• _Instructions for the task_: Please transcribe the data below in full. Omit any picture you find in it.

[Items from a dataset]
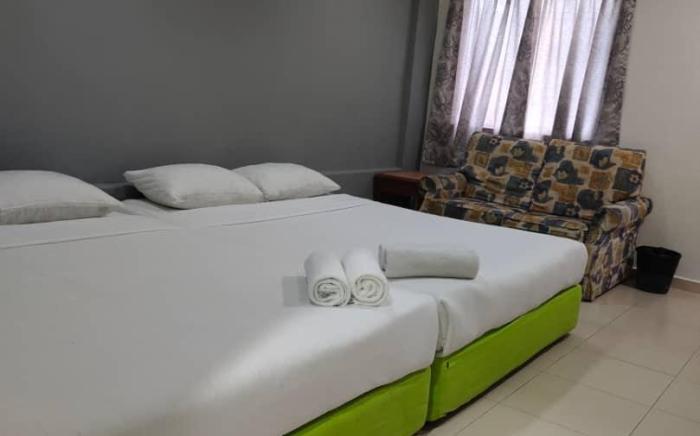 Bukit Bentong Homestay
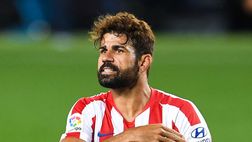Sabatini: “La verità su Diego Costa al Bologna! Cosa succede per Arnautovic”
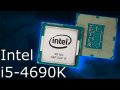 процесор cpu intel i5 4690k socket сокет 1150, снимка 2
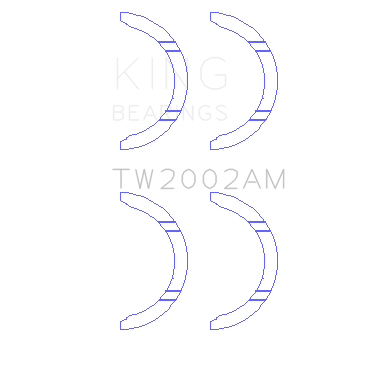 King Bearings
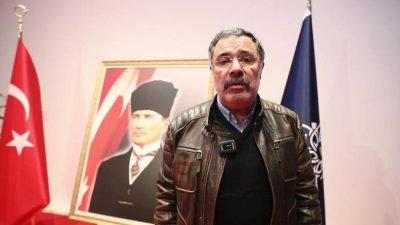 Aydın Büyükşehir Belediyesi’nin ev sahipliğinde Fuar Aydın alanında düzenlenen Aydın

• _Result_:
 Bukit Bentong Homestay
Sabatini: “La verità su Diego Costa al Bologna! Cosa succede per Arnautovic”
 процесор cpu intel i5 4690k socket сокет 1150, снимка 2
 King Bearings
 Aydın Büyükşehir Belediyesi’nin ev sahipliğinde Fuar Aydın alanında düzenlenen Aydın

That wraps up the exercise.